Water, Resources - Judge Blocks Oil Pipeline, For Now
A federal judge in Washington, DC ordered a temporary halt in construction of the Dakota Access Pipeline, which is opposed by Native American activists in the north-central United States because of the threat it poses to a reservation's water supply.
Judge James Boasberg brokered a temporary agreement between the all parties involved. No construction will take place on the east side of a highway in the state of North Dakota where indigenous and environmental activists want to block the pipeline that would carry crude from the state across the Midwest to Illinois, where it would link up with another pipeline.
But the Standing Rock Sioux tribe and their allies wanted to stop work to the west of the highway as well. They asked for the emergency injunction after pipeline crews deliberately bulldozed burial grounds, and agents affiliated with the security company G4S were caught on video siccing attack dogs on protesters. The Sioux say the action was deliberate, because lawyers submitted evidence of the graveyard on Friday, and within 24 hours the pipeline's developer, Energy Transfer Partners, had sent out the 'dozers.
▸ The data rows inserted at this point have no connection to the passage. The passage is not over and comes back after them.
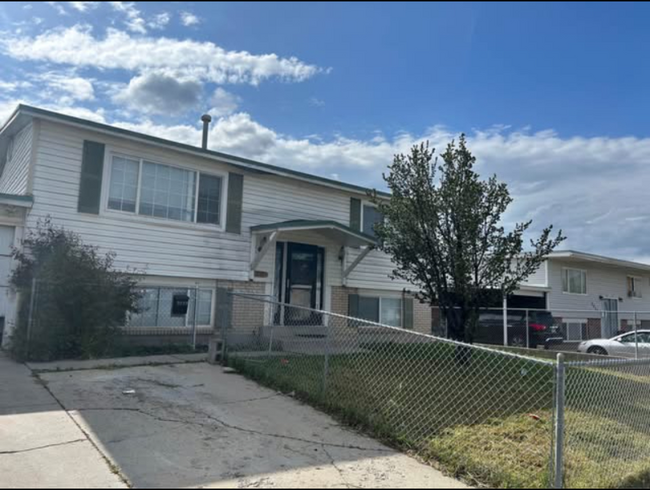 Building Photo - 3242 S 7780 W Rental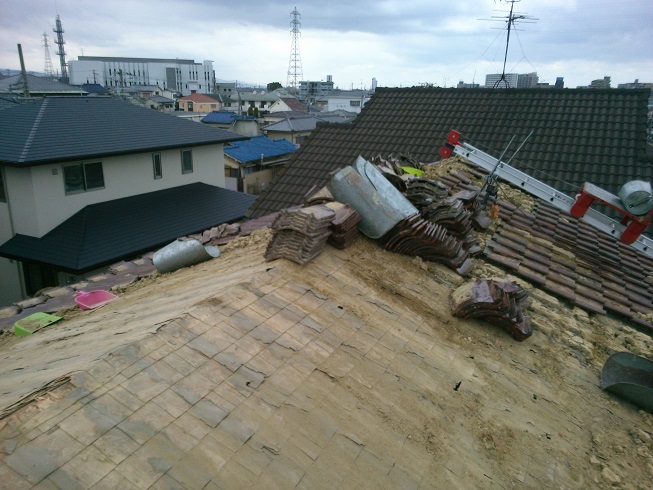 葺き替え工事施工前の屋根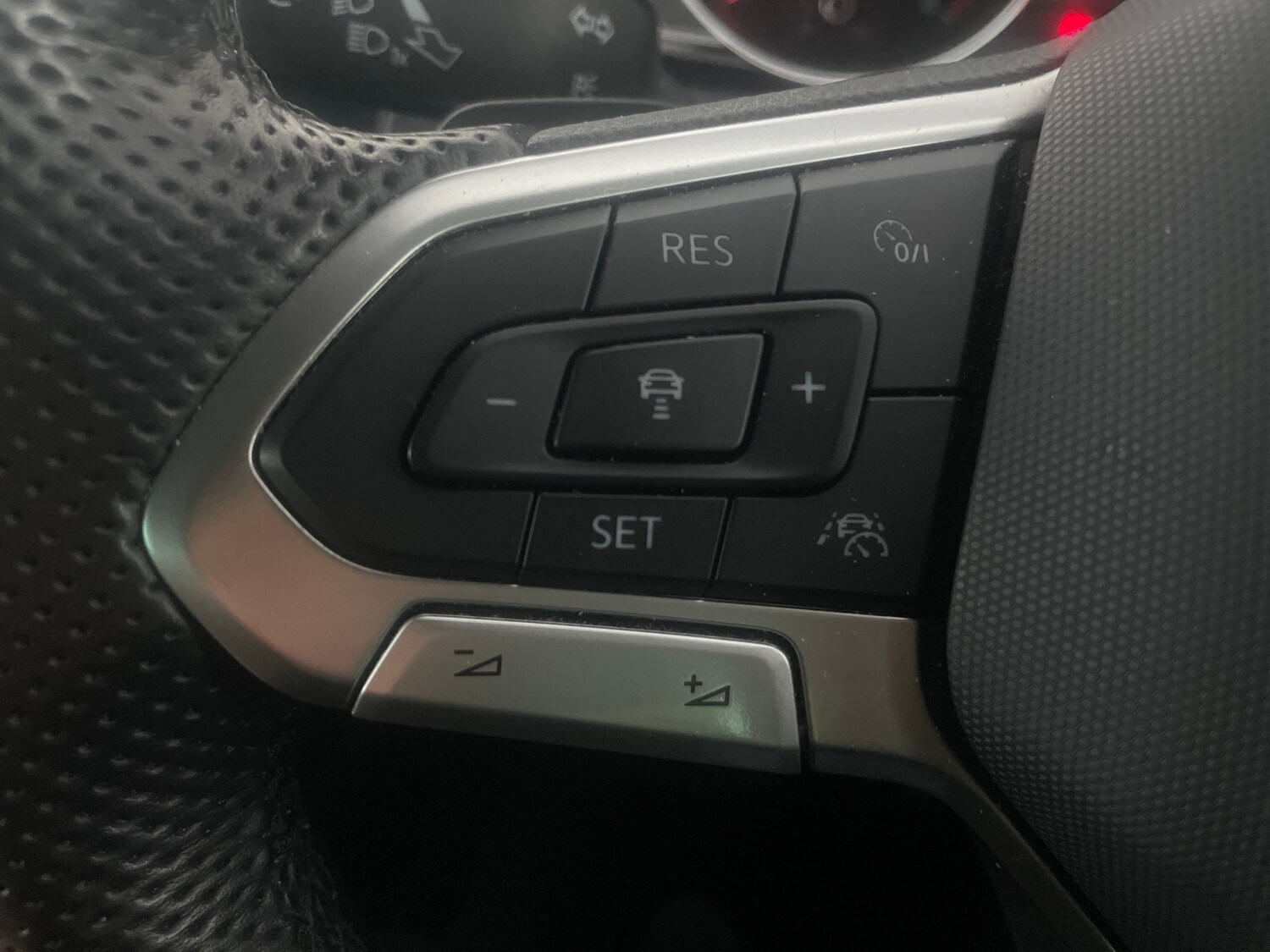 Used Volkswagen Passat 2023 for sale - 77568182: Photo 25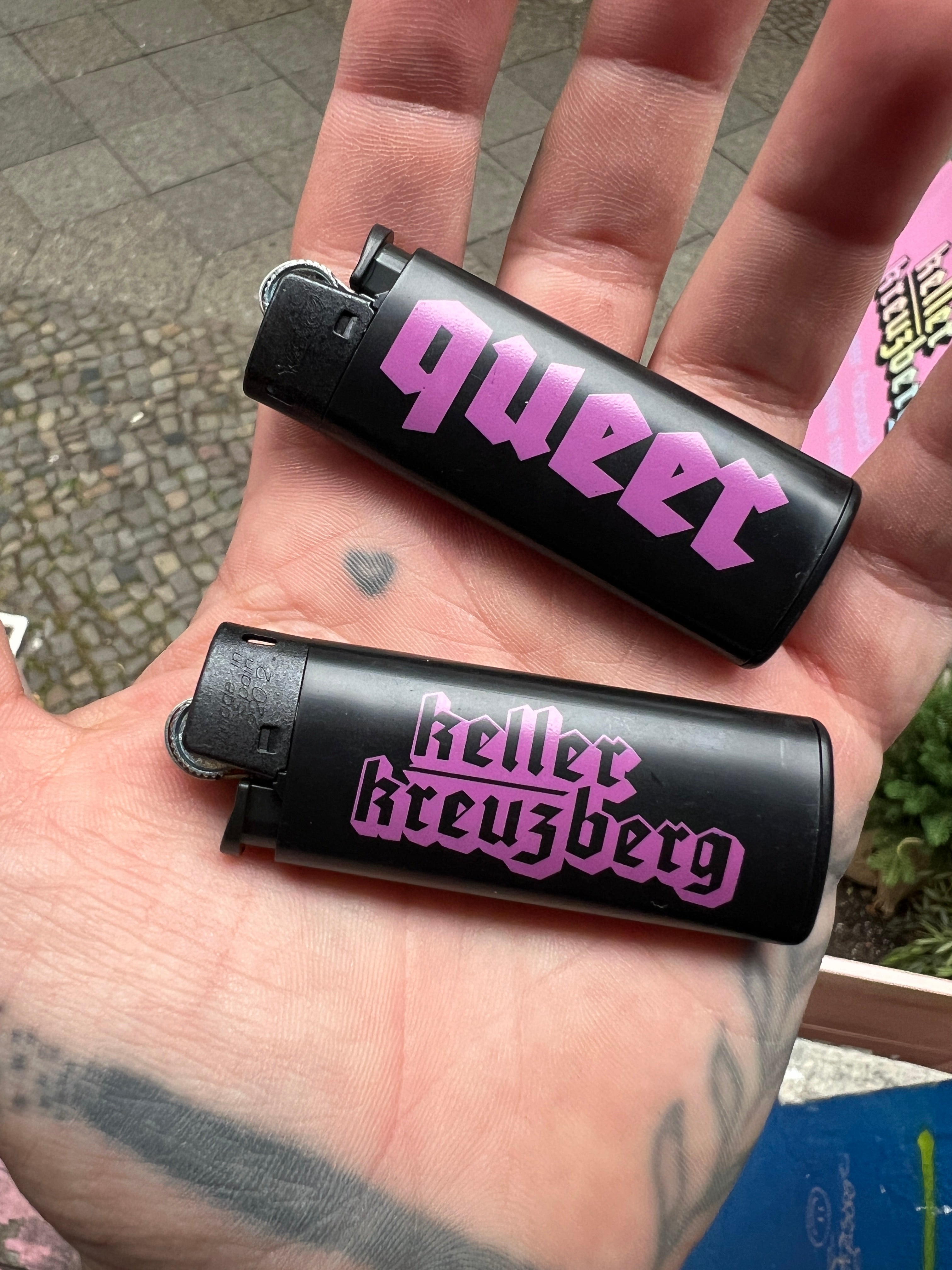 Keller Kreuzberg Lighter "queer" Black/Berry Lilac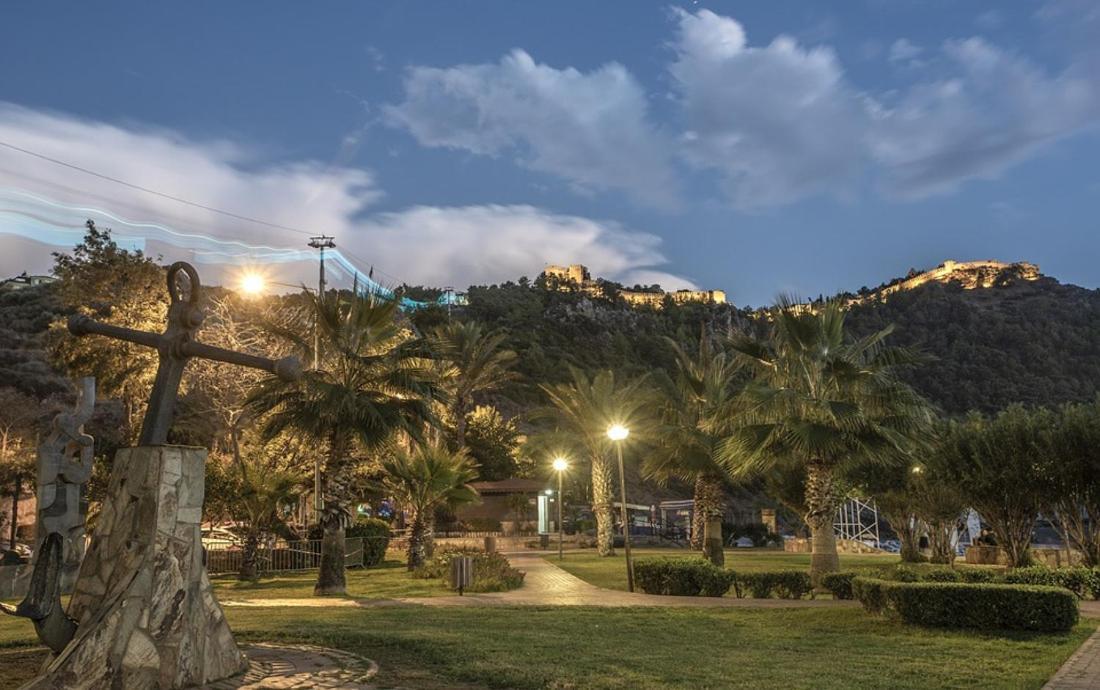 Beautiful Sultan House At Cleopatra Beach 1 With Umbrellas, Balcony, Barbecue, Private 100Mbps Wifi, Smart Tv, Table Games, Vip Trans-Fer - Beautiful Apartmenthouse 알란야 외부 사진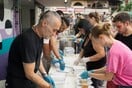 Ο δήμος Αθηναίων σταματά να παρέχει τη στέγη του συνΑθηνά σε ομάδες που οργανώνουν συσσίτια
"We saw things happening out at Standing Rock, dogs being put on protesters that haven't been seen in America for 40-50 years," said attorney Jan Hassleman of the group Earthjustice. "Temperatures are too hot out there right now. We asked the court to get everybody to stand down. We also asked him for a temporary restraining order on the land on the other side of Route 1806 and that was what was denied. That's where the sites were found on Friday."
The judge in the case on Friday is expected to make another ruling on whether the pipeline can go on.